El interés por el mundo de las pequeñeces nació un día en que se me escapó una migaja de comida empujada por un palillo de dientes. Siguiendo la forma del arco iris, la migaja le obstruyó el paso a una hormiguita que venía zigzagueando de hambre. Se detuvo asombrada ante el milagro. Dirigió sus antenas a las alturas buscando un contacto celestial. Mientras miraba agradecida al cielo examinó cuidadosamente ese maná que caía cuando ya había claudicado en sus plegarias. Marcó el territorio con el orín con que los seres de las Termópilas marcan sus pertenencias y se fue a buscar a sus moribundas compañeras. Las que podían moverse acudieron a su llamado. Otras no tenían alientos ni para levantar sus antenas. Una algarabía de carnaval se desarrolló alrededor de la comida. Antes de echarle muela decidieron llevar ese maná a la reina que esperaba ansiosa alguna noticia buena que sacara a su reino del tiempo de las vacas flacas. Todas hincaron sus dientes para levantar la carga pero la carga se mantuvo suspendida sin saber para donde dirigirse. Luego de hacer una zeta por fin decidieron acatar la voluntad de la mayoría. Quien sabe qué manuales las habían adoctrinado, pero decididamente emprendieron el viaje por la izquierda, precisamente por la senda que ofrecía mayores peligros.

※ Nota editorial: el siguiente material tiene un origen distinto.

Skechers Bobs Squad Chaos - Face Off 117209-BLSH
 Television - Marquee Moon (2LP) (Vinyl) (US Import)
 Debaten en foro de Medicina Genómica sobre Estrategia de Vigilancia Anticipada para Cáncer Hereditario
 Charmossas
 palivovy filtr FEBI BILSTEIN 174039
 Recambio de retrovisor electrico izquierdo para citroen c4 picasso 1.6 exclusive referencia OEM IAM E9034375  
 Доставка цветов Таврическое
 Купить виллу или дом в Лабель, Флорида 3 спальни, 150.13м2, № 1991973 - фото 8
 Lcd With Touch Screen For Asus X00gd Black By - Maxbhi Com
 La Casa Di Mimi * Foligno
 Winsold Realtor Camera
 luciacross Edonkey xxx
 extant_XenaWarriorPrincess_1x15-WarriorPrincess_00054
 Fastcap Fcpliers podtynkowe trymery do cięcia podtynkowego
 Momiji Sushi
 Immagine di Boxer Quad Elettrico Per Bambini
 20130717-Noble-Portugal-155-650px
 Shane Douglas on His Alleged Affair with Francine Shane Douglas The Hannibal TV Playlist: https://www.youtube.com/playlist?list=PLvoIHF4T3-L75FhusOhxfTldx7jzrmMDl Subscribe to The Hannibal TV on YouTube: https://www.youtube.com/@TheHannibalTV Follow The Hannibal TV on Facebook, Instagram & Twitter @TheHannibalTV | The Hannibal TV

Un estudiante, en traje de camuflaje (luego me enteré que iba para clase de “inteligencia militar” –¡qué oxímoron!), cruzó a toda prisa llevándose bajo la suela de su bota el ejército de hormigas.

No tuve tiempo de llorar esa desgracia. Otra peor se avecinaba. Algo superior al pavor congeló mis movimientos.

Una enorme sombra, como de cielo que se encapota, se me vino encima.